Image: Assets: the More the Merrier

An asset is something that adds value to your financial situation. A liability detracts from your financial stability. Your liability may be someone Else’s asset! The loan you pay every month for your house is your banker’s asset. If your home grows in value, it is an asset for you also, provided you continue to protect that investment by maintaining it, making your loan payments, taxes, etc.

Imagine controlling the rights to a house that you have just improved in value by renovating it. Or a horse that just won a big race, or a business that just helped a client double their bottom line. As the asset grows in value, you will need to harvest your “profits” if you are to benefit. Many people saw terrific gains in “paper profits” in the stock market, only to see these gains evaporate. If one of your “businesses” is CEO of your own Trading/Investing portfolio, you need to continue to get better at managing it.

Understanding the fluctuating nature of life is important. Today’s asset may be tomorrow’s liability. Decide, as best you can, when is the best time to capitalize on your asset(s). The experts offer some excellent advice for us: “Cash to Assets to Cash.” Then repeat the process!

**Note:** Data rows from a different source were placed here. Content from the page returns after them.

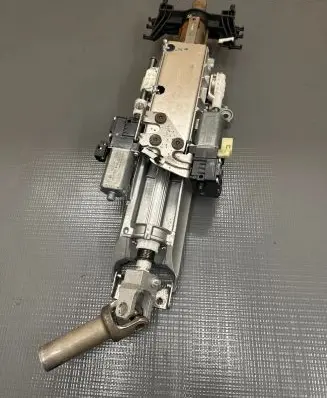 Steering wheel axle set
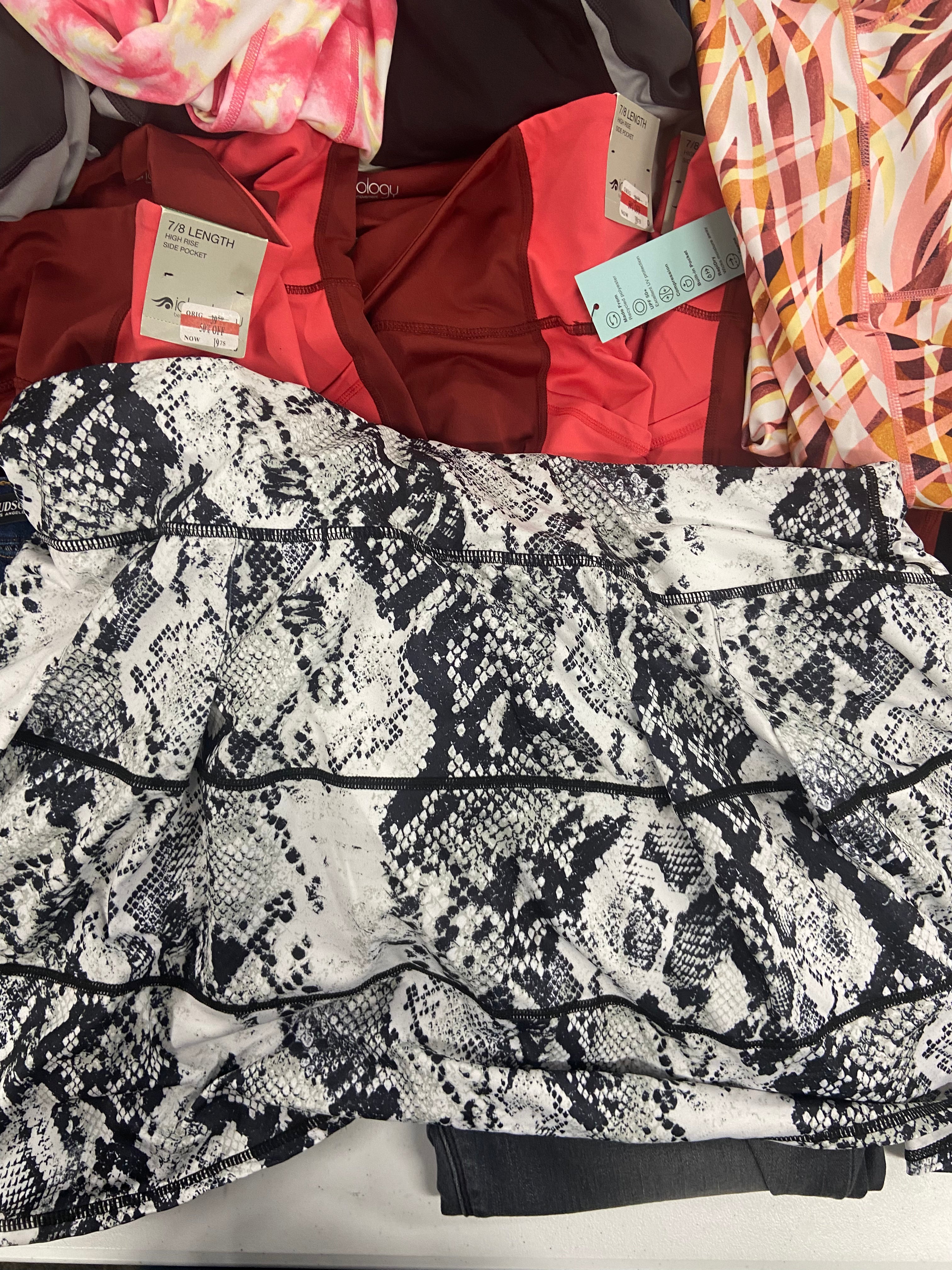 Women's Clothing Leggings, Jeans & Others, HUDSON, SKETCHERS, IDEOLOGY Wholesale Lot,  17 items, Shelf Pulls, MSRP $912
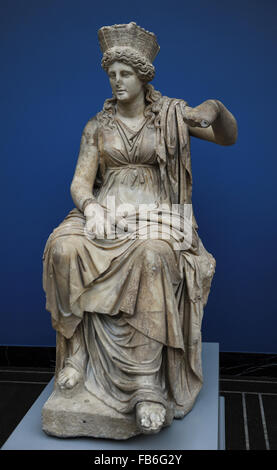 Kybele. Formiae en Campanie. C. C.-B. 60. En. L'Oriental mère-goddes était adoré en Italie à partir de 204 BC. Il est représenté assis sur un trône flanqué de lions. Ny Carlsberg Glyptotek. Copenhague, Danemark. Banque D'Images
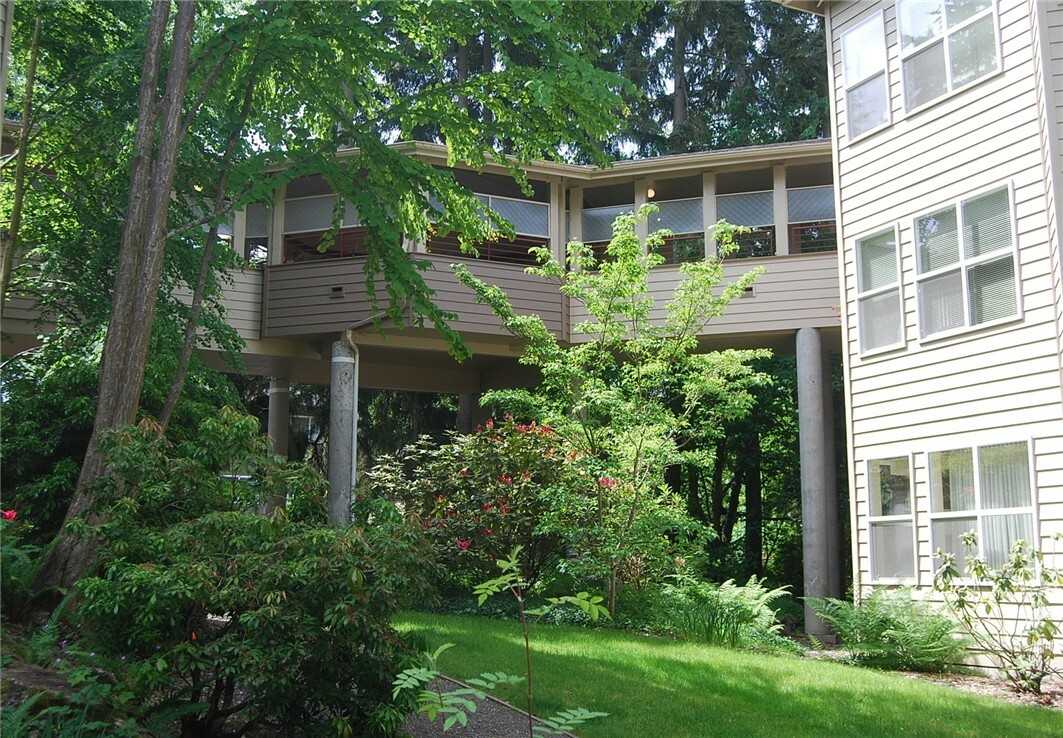 Property Photo:  1684 152nd Ave NE W307  WA 98007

Positioning your business to be in front of a significant growth wave is a reliable technique that will propel your business with rocket fuel. Baby boomers, because of their relative size of the population, have become a target for professional marketers. You also would be wise to target them if you are looking for a shortcut to riches.

Apply This Concept
It may be best to determine where your interests lie, then get started in a particular niche, especially one where you already have some expertise. Steadily build a portfolio of investments. Building or creating wealth is best done by focus. Maintaining wealth is more easily accomplished by diversifying. Depending on your age and situation, your plan may include different time horizons. Some sophisticated investors advocate utilizing different methods for short, medium, and long term trading and investing. Cash flow, growth of capital, and tax shelters all have to be considered as part of a total plan. Equally important is having firewalls between your investments; if one goes bad you don't want it to contaminate the rest! Finally, remember that an asset may become a liability. If it does, rid yourself of it immediately, minimizing your losses. Be unemotional about it. Cut your losses and let your profits run. Losers hold and hope, sometimes losing all their profits, and then principal too. Winners don't take losses personally. They understand that it is a risk you take to play the game, and move on to more promising opportunities. Understanding the Opportunity cost or Time Value of Money is an important concept they have learned to embrace. So should you, if you want to be wealthy.